Un dato de sentido común. La primera víctima de la enfermedad, Adela Gutiérrez, una mexicana de 39 años, comenzó a sentir los primeros síntomas de la enfermedad el 1 de abril y falleció quince días más tarde. Desde ese momento, hace ya más de un mes, se han detectado 615 infectados y 17 muertes, todas ellas en México o personas de esa nacionalidad. Si tenemos en cuenta que, según datos oficiales, solamente en Estados Unidos mueren 36.000 personas anualmente a causa de la gripe estacional, no me parece que este nuevo virus sea tan virulento como dicen.

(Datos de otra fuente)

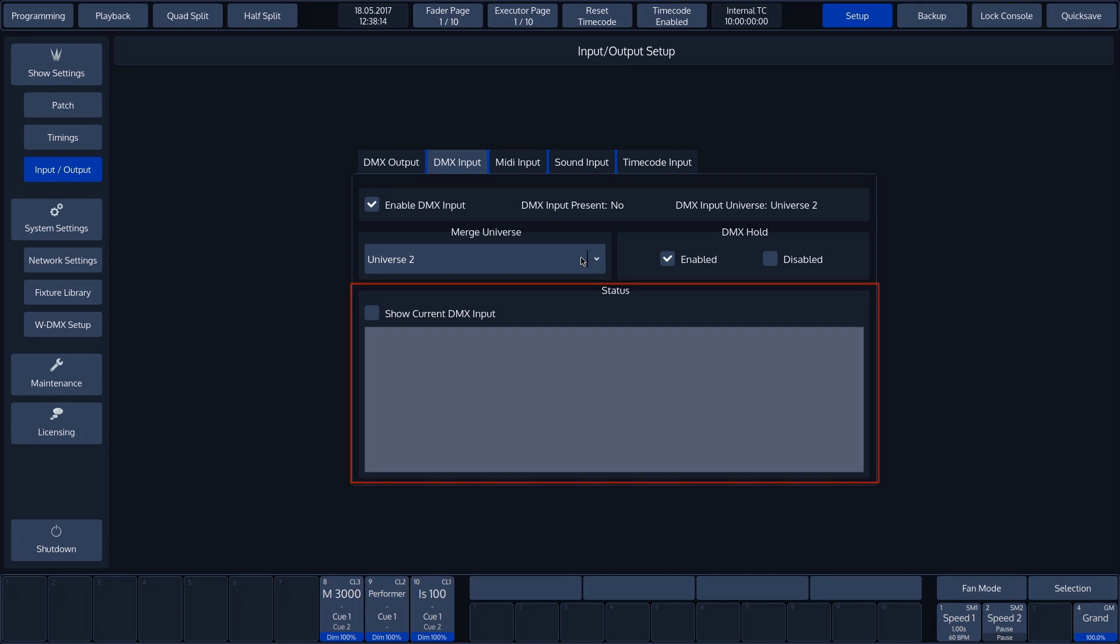The last section of the drop-down menu gives us the option of checking incoming signals by ticking the Show Current DMX input checkbox.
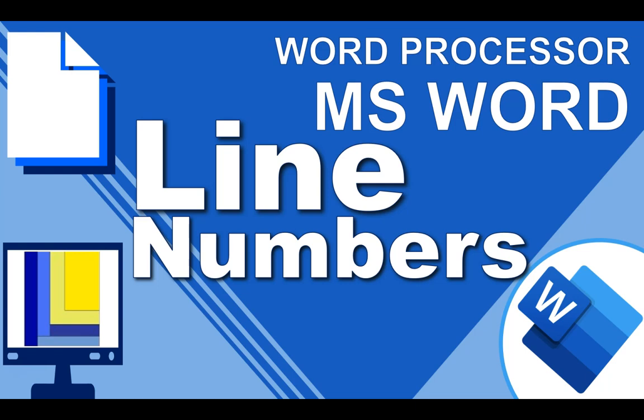Welcome to another video with Mr. Long. We are looking at Microsoft Word and Word Processors, and today's lesson is going to be about line numbers.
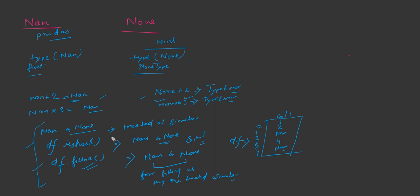that means filling the missing values, the value will get filled up for nan and none both.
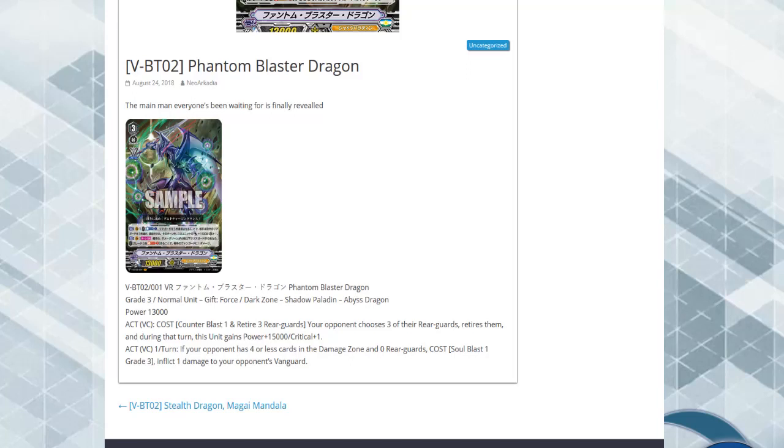Choose one of your opponent's grade, your opponent chooses three of their rear guards and retires them. During that turn this unit gets 15k and a crit. If your opponent has four or less cards in their damage zone and zero rear guards, costs counter blast one or soul blast one, grid three, inflict one damage to your opponent's vanguard.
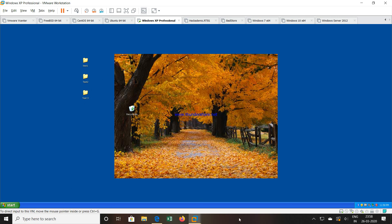So this is how we can use the snapshot option inside the VMware workstation. Thank you very much for watching this video. Do watch the other videos related with virtualization. Thank you.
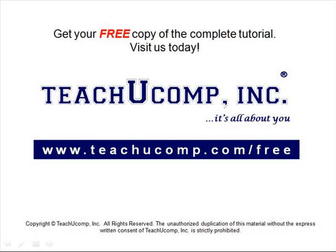Get your free copy of the complete tutorial at www.teachyoucomp.com forward slash free.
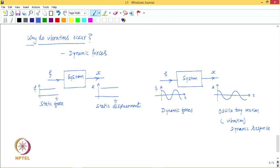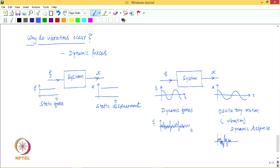The dynamic forces need not vary only as a cosine wave — they can vary in a much more arbitrary and random manner. For example, the forces may be irregular, and the vibration produced would also be quite irregular and random. Depending upon the forces that are acting, the vibration produced will depend on that. So therefore, vibration occurs because of dynamic forces.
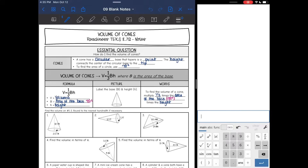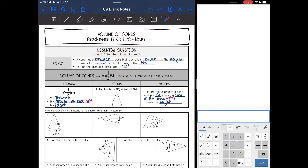Hey everyone, today we are going to be finding the volume of cones. A cone has a circular base that tapers to a point, and the height connects that circular base to the tip. We are going to be dealing with finding the area of the base, which is a circle. Remember the area of a circle is pi r squared.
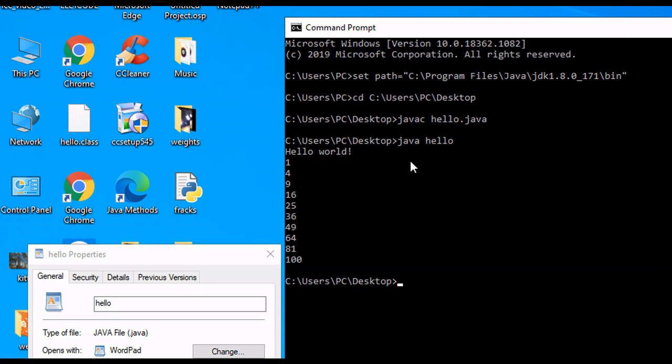And that is a quick, simple tutorial on how to run Java programs in the command prompt. If you got any value from this or you learned anything, I would appreciate it if you liked, commented, and subscribed.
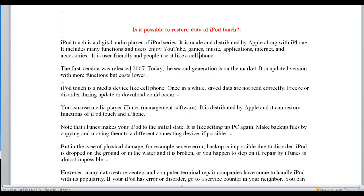It is user-friendly and people use it like a cell phone. The first version was released in 2007. Today, the second generation is on the market. It is an updated version with more functions.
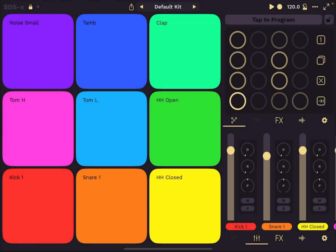Hello everybody, welcome to a new tutorial from Sound for More, it's Leo speaking. Today I have the pleasure to introduce you to SDS-X, a fantastic new drum sampler.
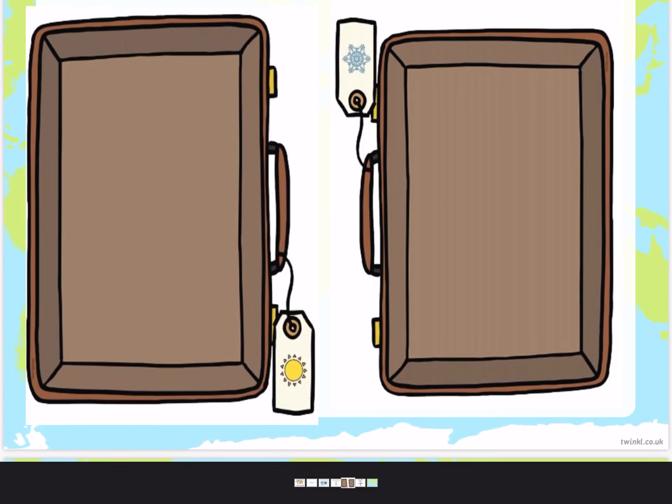Try hard and do nice neat cutting. Take your time when you're cutting — don't rush. Thank you. Bye.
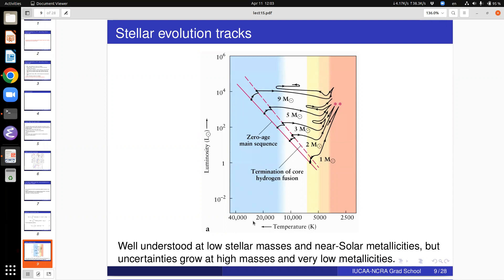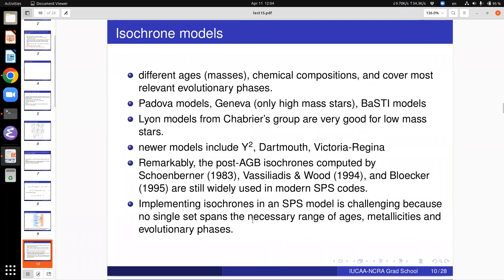Stellar evolution tracks are well understood at low stellar masses and near solar metallicities, but uncertainties grow at high masses and low metallicities. Isochrone models cover different ages, different chemical compositions, and most relevant evolutionary phases. Various models are available — for example the Padova models, the Geneva models which focus on high-mass stars, the Baraffe models for low-mass stars, and models from Chabrier's group at Lyon in France, which are very good.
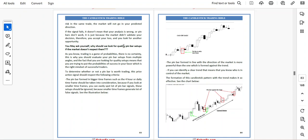To determine whether a pin bar is worth trading, it should respect the following criteria. Pin bars formed in bigger timeframes such as the four-hour or daily should be prioritized, because on smaller timeframes you can easily spot lots of pin bar signals that should be ignored since smaller timeframes generate many false signals. The pin bar formed in line with the direction of the market is more powerful than one formed against the trend. If you can identify a clear trend, you know who is in control of the market, and the formation of this candlestick pattern with the trend makes it highly effective. Pin bars against the trend are false signals, while pin bars with the trend are good signals.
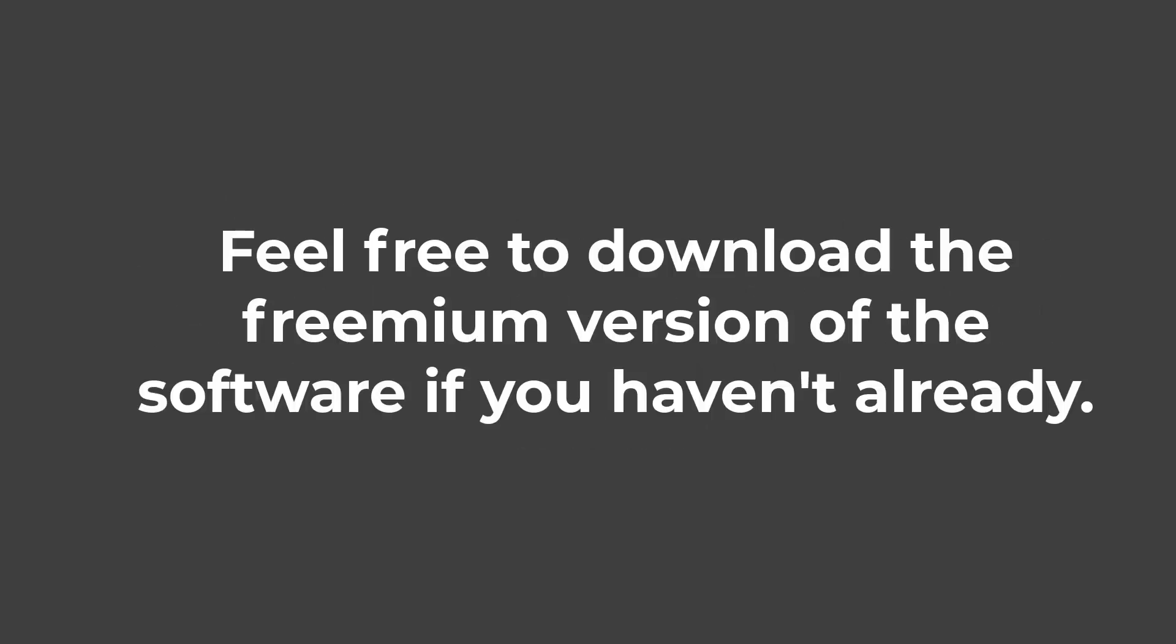I hope this video has been useful to you. Thank you for watching. Feel free to download the freemium version of the software if you haven't already. Thank you all.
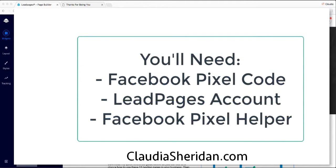For this video you'll need your LeadPages account, your Facebook Pixel code, as well as the Facebook Pixel Helper.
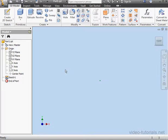Welcome. In this tutorial, I'm going to show you how to add user parameters to sketch text, such as Boolean true or false, or text type.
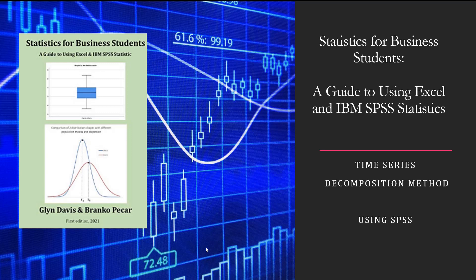Hello, welcome to today's movie. In today's movie we're going to take some time series data and we're going to fit a decomposition model to that data. And in this movie we're going to use SPSS.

Ahora, las palabras de los científicos:

“El avanzado sistema de vigilancia de epidemias de los Estados Unidos ha permitido identificar el nuevo virus. Algunos años atrás lo habríamos considerado uno más en el mar de las enfermedades humanas”. Dr. Paul Offit, jefe de infectología del hospital infantil de Filadelfia.

“La gripe porcina es sólo un poco más peligrosa que cualquier otra gripe estacional”. Dr. John Treanor, profesor de enfermedades infecciosas en la Universidad de Rochester.

¿Por qué, entonces, tanto escándalo? En nuestro país se entiende como una estrategia más del kirchnerismo, pero a nivel mundial, si bien no han llevado a la población a nivel de psicosis como en Argentina, igualmente están armando un gran circo.

¿Qué habrá detrás? El Embajador del Infierno decía que hace un mes el gobierno de México había firmado un contrato con un importante laboratorio para prevenir, justamente, la epidemia de la gripe. Si bien podría existir un interés económico detrás, creo que hay algo más.

En el caso de del chancho engripado hay gato encerrado.